> **Available data**
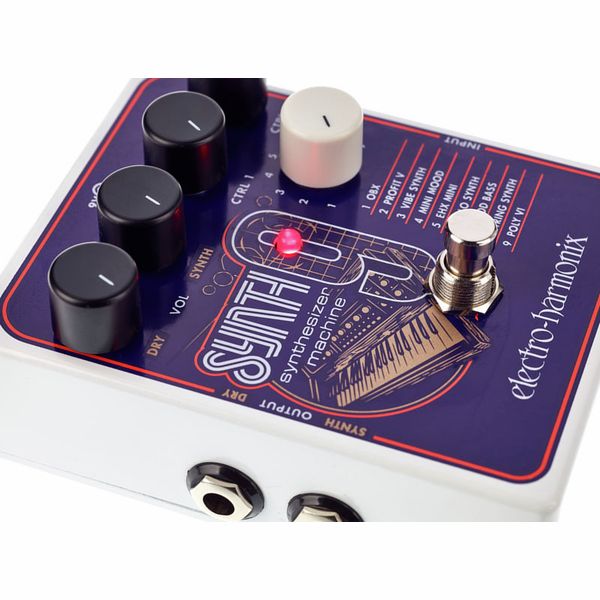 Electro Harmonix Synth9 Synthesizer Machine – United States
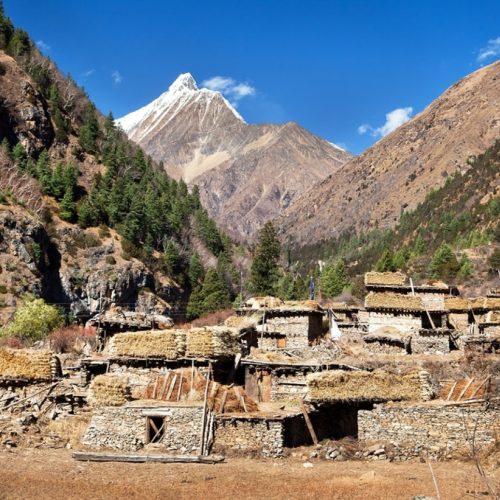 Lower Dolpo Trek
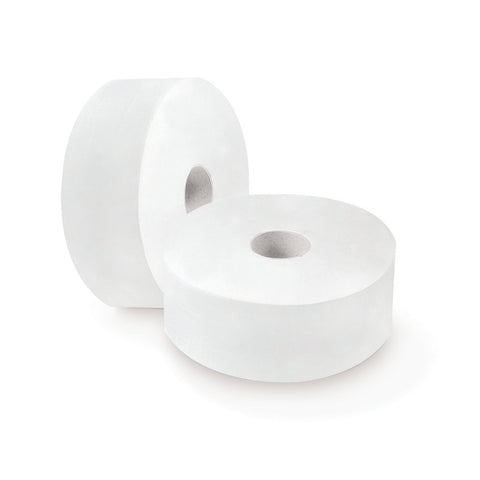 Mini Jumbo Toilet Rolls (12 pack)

---

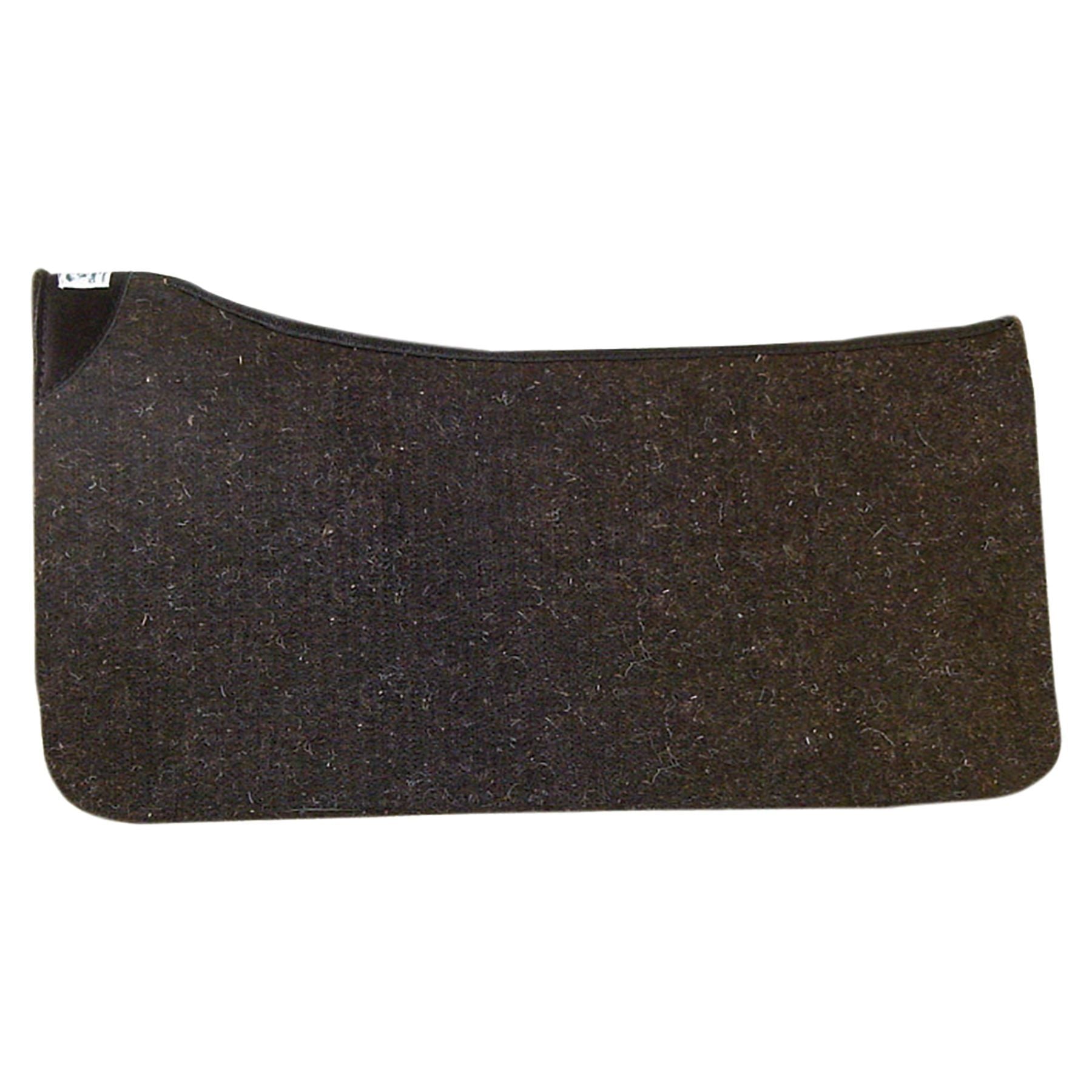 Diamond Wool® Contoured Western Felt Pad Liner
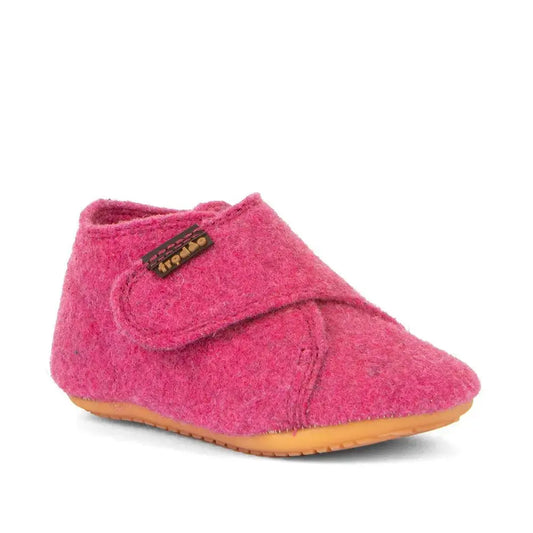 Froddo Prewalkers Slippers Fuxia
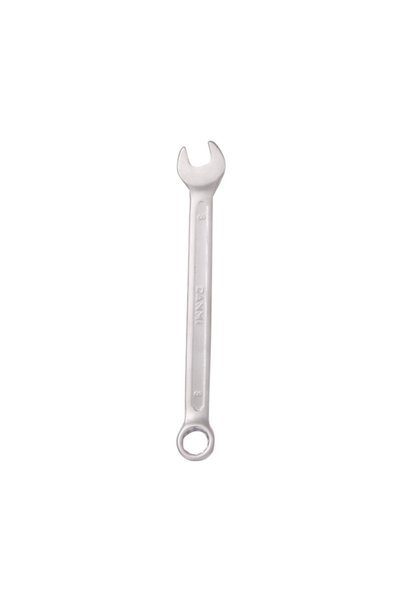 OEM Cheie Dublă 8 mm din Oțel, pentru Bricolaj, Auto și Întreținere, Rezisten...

==

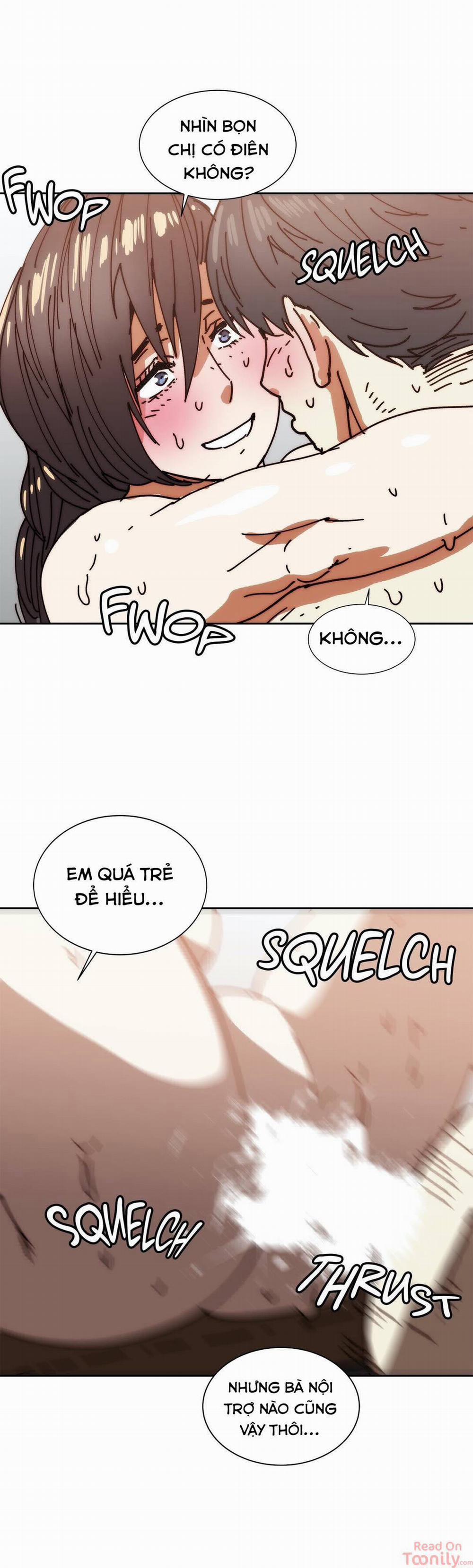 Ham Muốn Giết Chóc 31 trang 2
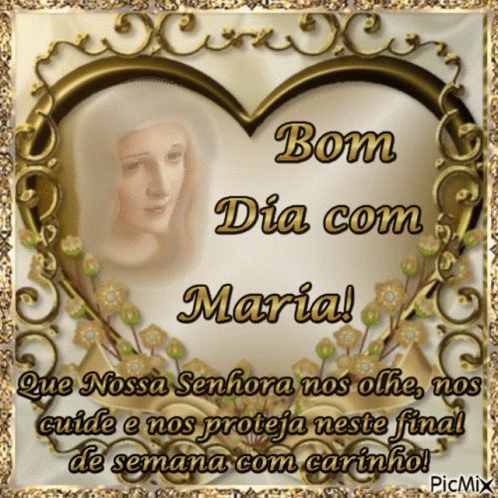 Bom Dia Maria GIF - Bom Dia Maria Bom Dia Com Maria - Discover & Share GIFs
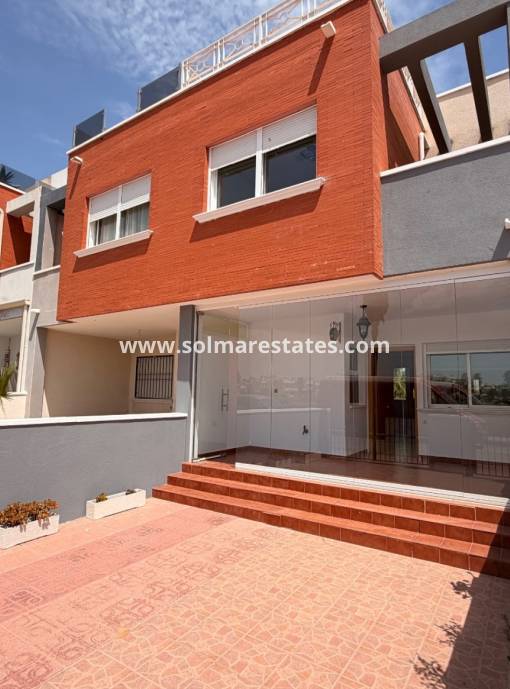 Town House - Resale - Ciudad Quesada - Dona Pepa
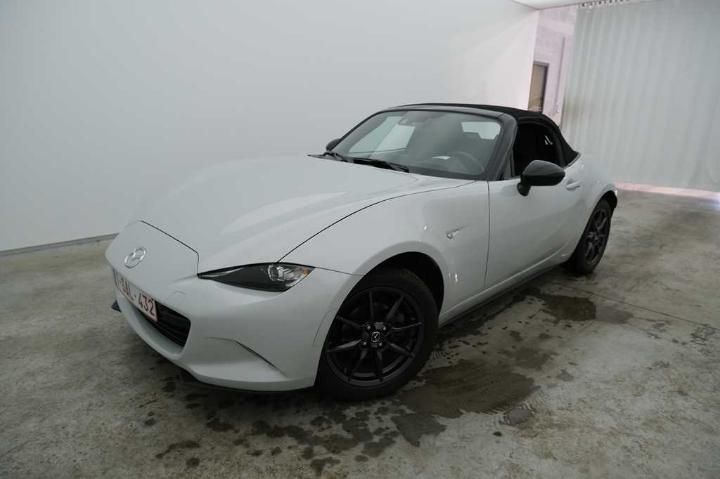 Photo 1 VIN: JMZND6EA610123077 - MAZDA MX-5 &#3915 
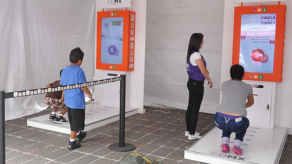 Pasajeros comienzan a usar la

> **Required work**
Everything from the line above that contains "Diamond Wool® Contoured" down to the line that contains "OEM Cheie Dublă" must be reproduced exactly, both ends included. Omit the pictures.

> **Your response**
 Diamond Wool® Contoured Western Felt Pad Liner
 Froddo Prewalkers Slippers Fuxia
 OEM Cheie Dublă 8 mm din Oțel, pentru Bricolaj, Auto și Întreținere, Rezisten...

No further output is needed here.